I am a maid. I am my own maid. I do a crummy job, but I try to clean up after myself. I am not, though, my kids' maid. But for so long I have been acting like it and not treating messes as their responsiblity. So today I snapped...not like yelled and ripped my hair out, found lying on my floor in the fetal position with an empty bottle of wine on the counter....that was a different issue. Today it came more as a lightbulb switch...then in military-like style, came the orders. "Bryson: book, jacket, backpack. Cayden: chip bag, homework, socks.... Rylan: hamper top?" Whatever. He understood.
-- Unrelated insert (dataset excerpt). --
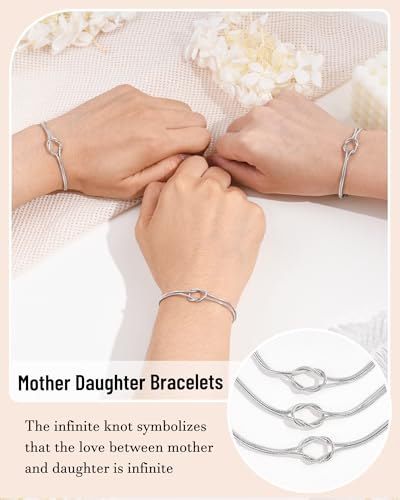 Image of SUNSH 2 /3 Mother Daughter Bracelets, Back to School Matching Bracelets Gifts for Mom Daughters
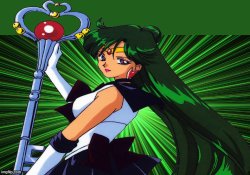 sailor pluto Meme Template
As I spent 1:45 (1 hour: forty-five minutes) cleaning the gum stuck to the clothes dryer drum, I thought that this is TOTALLY unfair. I have my own mess to clean up, and now I'm cleaning this up and I didn't even cause it. I didn't leave the gum in my pockets and I wasn't the one who washed that particular load of laundry....because I'd check the pockets, but I'm just saying, not blaming. I am a parent. I am a mother and I should be respected as a mother. The kids never really complain about picking up their stuff, so why don't I tell them to just do it all the time? Good question. Well, maybe I'm a giver, but I don't think that I am. I don't like to clean up their stuff just for the "fun" of it or because I love them. I'd love them even if I didn't pick up their stuff. I've just become lazy and inconsistent with my discipline. So ask me how it's going in a week and I'll probably tell you that I am so sick of picking their stuff up. But ask me tomorrow and I'll tell you that it's the greatest thing, I tell them to clean up their stuff and they do it. It's like magic! I've learned....that "I am the mom and I lay down the law and for today, I want you to clean up all of your mess so I can do more important things like write about you on my blog".